The current practice of using venture funding to conduct technology Research and Development (R&D) is so pervasive and powerful that it leads us to assume that big companies cannot develop successful new technologies. Rather, they’re so slow and bureaucratic that’s it’s preferable for them to sit back and wait until they can overpay for some hip startup and its patents.
This is a fallacy, though the knock on big companies is not entirely without merit. Big companies can be extremely effective in technology R&D. Major corporate research centers were once predominant. In the 1950s, Bell Labs invented the transistor and IBM created the first commercially viable mainframe computer. However, by the early 1960s, the era of Fortune 500 R&D was starting to lose its momentum.
The publication of Kurt Vonnegut’s novel, Cat’s Cradle, in 1963 marked the beginning of end of the idea that big companies could create anything of value.
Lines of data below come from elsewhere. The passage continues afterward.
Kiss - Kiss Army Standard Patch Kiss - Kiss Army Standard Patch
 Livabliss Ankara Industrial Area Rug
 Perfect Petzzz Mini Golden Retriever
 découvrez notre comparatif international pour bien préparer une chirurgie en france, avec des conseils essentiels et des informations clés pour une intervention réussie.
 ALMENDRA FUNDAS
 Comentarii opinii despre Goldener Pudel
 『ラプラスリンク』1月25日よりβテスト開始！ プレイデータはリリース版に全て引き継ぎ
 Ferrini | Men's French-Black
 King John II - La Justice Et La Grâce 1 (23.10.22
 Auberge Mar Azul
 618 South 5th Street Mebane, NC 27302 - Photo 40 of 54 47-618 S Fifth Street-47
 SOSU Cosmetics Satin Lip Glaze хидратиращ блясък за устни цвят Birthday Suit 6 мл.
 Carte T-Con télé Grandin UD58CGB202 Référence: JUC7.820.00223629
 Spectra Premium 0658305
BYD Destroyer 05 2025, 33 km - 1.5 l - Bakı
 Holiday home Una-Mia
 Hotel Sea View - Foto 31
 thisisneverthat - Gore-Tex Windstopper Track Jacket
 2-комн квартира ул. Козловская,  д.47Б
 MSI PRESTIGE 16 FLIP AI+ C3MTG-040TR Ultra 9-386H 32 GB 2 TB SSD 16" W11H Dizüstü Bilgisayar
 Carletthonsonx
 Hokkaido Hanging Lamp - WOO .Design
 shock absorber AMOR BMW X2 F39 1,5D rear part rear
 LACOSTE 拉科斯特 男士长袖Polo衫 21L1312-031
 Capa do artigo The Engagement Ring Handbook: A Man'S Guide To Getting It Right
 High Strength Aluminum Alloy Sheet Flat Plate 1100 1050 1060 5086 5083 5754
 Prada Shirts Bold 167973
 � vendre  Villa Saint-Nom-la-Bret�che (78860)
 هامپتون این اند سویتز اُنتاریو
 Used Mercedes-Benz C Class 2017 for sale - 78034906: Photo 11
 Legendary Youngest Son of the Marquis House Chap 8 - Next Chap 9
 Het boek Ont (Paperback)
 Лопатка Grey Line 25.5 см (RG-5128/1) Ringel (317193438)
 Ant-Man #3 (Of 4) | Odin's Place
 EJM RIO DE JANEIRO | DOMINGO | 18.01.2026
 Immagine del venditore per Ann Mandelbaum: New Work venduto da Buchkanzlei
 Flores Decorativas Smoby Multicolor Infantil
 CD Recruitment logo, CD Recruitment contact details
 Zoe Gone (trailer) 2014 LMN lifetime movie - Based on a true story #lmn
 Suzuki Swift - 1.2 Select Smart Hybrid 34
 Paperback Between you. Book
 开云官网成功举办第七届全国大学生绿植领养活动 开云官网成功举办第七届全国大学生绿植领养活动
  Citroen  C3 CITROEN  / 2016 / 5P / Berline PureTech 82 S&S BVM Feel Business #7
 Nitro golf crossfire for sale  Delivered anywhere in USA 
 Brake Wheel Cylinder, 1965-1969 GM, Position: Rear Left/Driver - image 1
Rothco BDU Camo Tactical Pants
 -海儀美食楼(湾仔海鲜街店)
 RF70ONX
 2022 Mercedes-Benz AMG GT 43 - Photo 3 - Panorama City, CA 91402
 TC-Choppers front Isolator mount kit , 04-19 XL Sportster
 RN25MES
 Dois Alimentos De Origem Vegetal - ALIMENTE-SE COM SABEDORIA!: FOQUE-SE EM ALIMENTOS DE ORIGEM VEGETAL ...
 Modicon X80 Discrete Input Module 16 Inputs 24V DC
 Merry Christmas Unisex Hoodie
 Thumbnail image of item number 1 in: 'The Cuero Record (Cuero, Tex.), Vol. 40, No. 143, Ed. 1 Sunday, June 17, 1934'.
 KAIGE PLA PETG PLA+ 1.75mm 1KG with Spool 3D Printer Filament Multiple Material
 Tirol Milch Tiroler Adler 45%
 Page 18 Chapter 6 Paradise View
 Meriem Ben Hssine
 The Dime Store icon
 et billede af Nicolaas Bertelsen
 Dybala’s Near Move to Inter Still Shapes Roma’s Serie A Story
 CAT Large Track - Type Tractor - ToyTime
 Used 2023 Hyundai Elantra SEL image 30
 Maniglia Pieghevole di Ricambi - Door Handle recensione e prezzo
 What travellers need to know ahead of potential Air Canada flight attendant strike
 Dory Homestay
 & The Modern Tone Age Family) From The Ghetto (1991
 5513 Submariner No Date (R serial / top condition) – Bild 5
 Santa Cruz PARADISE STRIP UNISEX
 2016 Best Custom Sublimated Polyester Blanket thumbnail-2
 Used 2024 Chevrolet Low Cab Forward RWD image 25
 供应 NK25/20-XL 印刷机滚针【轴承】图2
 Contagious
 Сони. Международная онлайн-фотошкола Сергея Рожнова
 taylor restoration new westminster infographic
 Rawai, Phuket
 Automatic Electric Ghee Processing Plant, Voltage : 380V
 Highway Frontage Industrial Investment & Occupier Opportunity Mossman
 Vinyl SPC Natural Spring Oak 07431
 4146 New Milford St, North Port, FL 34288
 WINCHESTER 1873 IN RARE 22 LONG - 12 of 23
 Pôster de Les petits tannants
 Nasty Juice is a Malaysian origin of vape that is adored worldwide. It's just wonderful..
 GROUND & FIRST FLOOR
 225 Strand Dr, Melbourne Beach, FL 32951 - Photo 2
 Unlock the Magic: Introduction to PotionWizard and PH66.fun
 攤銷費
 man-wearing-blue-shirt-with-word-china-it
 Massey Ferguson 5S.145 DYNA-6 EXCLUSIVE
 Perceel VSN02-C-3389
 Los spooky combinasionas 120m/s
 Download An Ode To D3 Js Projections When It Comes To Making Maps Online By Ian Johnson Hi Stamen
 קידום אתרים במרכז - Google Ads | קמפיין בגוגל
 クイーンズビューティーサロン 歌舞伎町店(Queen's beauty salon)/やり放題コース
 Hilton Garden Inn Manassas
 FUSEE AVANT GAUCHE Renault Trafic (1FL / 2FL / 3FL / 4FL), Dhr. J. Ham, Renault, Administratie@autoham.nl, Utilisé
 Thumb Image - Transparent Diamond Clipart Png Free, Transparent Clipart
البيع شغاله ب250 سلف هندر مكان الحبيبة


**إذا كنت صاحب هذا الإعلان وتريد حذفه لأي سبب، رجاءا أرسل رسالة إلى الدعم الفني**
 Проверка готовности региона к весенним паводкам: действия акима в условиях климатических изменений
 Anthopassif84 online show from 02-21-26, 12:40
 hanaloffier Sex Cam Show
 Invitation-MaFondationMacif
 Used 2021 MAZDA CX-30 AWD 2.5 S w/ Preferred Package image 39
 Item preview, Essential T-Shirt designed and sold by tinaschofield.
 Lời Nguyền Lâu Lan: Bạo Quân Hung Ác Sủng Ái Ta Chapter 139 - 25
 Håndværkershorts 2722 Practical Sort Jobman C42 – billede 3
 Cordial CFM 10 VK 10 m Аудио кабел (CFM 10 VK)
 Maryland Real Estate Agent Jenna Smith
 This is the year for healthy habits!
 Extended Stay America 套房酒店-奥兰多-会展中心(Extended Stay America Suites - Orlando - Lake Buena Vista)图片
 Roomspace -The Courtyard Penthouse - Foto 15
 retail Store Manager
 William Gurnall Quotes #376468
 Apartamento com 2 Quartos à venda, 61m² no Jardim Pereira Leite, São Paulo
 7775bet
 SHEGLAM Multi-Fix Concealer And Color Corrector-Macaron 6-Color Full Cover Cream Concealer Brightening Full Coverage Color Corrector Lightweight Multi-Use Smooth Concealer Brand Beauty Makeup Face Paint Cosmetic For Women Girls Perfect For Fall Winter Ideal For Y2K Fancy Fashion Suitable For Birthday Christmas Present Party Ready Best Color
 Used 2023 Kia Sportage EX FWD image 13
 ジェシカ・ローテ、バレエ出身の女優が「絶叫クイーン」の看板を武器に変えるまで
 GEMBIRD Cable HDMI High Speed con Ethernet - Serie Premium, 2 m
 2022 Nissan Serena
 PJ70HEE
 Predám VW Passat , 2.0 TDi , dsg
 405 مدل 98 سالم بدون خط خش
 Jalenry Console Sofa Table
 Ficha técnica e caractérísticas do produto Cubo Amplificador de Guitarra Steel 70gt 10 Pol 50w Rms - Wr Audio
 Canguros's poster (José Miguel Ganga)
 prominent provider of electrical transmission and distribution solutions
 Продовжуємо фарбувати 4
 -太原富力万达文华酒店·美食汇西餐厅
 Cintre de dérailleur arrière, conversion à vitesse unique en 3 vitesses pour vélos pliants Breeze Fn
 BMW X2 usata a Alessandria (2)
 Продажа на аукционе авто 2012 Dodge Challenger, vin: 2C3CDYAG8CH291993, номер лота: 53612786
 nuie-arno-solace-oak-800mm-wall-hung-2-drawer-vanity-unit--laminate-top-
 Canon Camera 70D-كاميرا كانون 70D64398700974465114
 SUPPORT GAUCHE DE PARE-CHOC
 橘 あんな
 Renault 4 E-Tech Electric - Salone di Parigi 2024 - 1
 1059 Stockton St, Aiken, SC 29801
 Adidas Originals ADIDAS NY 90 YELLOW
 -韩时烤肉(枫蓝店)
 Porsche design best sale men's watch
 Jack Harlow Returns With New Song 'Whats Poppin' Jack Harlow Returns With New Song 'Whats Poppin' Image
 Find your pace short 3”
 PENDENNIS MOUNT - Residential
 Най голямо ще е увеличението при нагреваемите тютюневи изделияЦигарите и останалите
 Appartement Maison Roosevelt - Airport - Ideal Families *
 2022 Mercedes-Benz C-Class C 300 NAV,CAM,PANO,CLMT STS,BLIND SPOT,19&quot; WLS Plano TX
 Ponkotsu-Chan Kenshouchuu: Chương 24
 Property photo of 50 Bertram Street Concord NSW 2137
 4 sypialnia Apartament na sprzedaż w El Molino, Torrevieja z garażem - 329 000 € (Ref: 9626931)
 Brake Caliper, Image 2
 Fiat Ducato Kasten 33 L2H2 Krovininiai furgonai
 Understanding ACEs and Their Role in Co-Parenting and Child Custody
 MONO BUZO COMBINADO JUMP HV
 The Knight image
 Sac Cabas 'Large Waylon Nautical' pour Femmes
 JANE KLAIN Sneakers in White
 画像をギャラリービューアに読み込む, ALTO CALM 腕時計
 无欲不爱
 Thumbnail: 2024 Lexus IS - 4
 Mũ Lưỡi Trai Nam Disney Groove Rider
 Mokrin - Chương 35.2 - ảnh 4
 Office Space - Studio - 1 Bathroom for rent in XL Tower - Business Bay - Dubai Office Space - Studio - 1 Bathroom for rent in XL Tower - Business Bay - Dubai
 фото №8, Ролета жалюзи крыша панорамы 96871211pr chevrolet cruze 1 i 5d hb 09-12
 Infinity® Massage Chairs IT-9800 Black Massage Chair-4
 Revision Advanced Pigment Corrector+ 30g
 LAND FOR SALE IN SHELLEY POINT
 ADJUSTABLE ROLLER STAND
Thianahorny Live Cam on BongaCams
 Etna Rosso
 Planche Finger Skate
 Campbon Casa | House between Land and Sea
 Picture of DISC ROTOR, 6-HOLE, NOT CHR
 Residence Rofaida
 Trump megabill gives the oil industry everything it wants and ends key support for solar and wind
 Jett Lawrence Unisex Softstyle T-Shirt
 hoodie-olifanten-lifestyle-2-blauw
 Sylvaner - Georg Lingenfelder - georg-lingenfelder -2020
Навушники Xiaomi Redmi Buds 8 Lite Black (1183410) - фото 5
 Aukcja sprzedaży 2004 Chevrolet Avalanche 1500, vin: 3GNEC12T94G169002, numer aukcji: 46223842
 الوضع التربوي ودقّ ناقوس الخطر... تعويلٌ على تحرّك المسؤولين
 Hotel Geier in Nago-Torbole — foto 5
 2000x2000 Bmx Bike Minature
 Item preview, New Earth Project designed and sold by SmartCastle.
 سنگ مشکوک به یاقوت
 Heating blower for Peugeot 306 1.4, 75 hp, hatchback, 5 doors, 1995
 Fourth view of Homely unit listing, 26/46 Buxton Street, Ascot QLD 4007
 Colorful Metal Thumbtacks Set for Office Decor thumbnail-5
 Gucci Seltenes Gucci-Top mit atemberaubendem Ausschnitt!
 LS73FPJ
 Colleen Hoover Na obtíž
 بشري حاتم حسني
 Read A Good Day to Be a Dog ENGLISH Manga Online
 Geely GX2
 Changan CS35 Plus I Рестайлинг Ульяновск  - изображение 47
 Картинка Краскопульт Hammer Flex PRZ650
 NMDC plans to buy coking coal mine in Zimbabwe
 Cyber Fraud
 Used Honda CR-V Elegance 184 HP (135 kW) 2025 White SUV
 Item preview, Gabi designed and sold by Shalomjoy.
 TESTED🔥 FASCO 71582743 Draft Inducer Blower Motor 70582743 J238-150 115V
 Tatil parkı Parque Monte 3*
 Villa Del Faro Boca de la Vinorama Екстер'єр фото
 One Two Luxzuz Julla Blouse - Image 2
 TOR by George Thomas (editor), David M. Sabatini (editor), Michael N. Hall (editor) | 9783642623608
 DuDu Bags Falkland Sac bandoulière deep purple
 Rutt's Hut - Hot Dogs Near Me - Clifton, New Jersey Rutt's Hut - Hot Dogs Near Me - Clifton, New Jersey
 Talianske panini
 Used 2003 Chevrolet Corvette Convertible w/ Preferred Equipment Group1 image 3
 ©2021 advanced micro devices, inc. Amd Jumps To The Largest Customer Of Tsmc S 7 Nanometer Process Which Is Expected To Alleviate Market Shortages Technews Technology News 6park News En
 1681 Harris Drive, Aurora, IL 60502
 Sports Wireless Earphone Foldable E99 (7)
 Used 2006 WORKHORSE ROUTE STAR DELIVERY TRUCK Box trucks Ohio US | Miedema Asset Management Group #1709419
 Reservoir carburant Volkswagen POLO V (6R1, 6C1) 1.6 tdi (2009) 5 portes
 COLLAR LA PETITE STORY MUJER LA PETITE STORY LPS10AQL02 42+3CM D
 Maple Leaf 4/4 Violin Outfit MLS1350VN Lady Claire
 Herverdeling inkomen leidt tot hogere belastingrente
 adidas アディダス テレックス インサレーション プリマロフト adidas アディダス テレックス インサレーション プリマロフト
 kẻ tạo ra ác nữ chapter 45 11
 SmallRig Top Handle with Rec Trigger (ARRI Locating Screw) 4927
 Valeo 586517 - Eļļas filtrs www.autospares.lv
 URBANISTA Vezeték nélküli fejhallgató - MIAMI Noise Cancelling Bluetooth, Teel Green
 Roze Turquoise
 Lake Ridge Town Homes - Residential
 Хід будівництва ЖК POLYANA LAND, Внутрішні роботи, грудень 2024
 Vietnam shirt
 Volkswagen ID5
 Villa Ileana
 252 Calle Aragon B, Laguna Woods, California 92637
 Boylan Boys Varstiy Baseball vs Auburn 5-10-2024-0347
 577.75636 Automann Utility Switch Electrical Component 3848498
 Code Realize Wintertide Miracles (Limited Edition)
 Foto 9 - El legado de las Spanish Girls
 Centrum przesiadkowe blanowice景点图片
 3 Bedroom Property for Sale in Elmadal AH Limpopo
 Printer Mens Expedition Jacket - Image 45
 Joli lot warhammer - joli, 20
In that book, the lab at a fictitious company called General Foundry developed a substance known as “Ice 9” which accidentally kills off the entire human race. It’s been downhill since then. Today, the prevailing view is that R&D is best left to young, innovative types in small, lean organizations—where they can eat pizza and be geniuses.
In that book, the lab at a fictitious company called General Foundry developed a substance known as “Ice 9” which accidentally kills off the entire human race. It’s been downhill since then.
When a big company wants to innovate, however, the process can be impressive to watch. NTT Research, for example, recently announced that it was collaborating with UCLA and Georgetown on cryptography and Blockchain. The company is entering into a five-year agreement with UCLA to research the theoretical aspects of cryptography. A three-year agreement with Georgetown will take advantage of a global scale testbed for research into Blockchain. As NTT announced, “Both involve the use of mathematical theory to prove security levels and enable greater system reliability.”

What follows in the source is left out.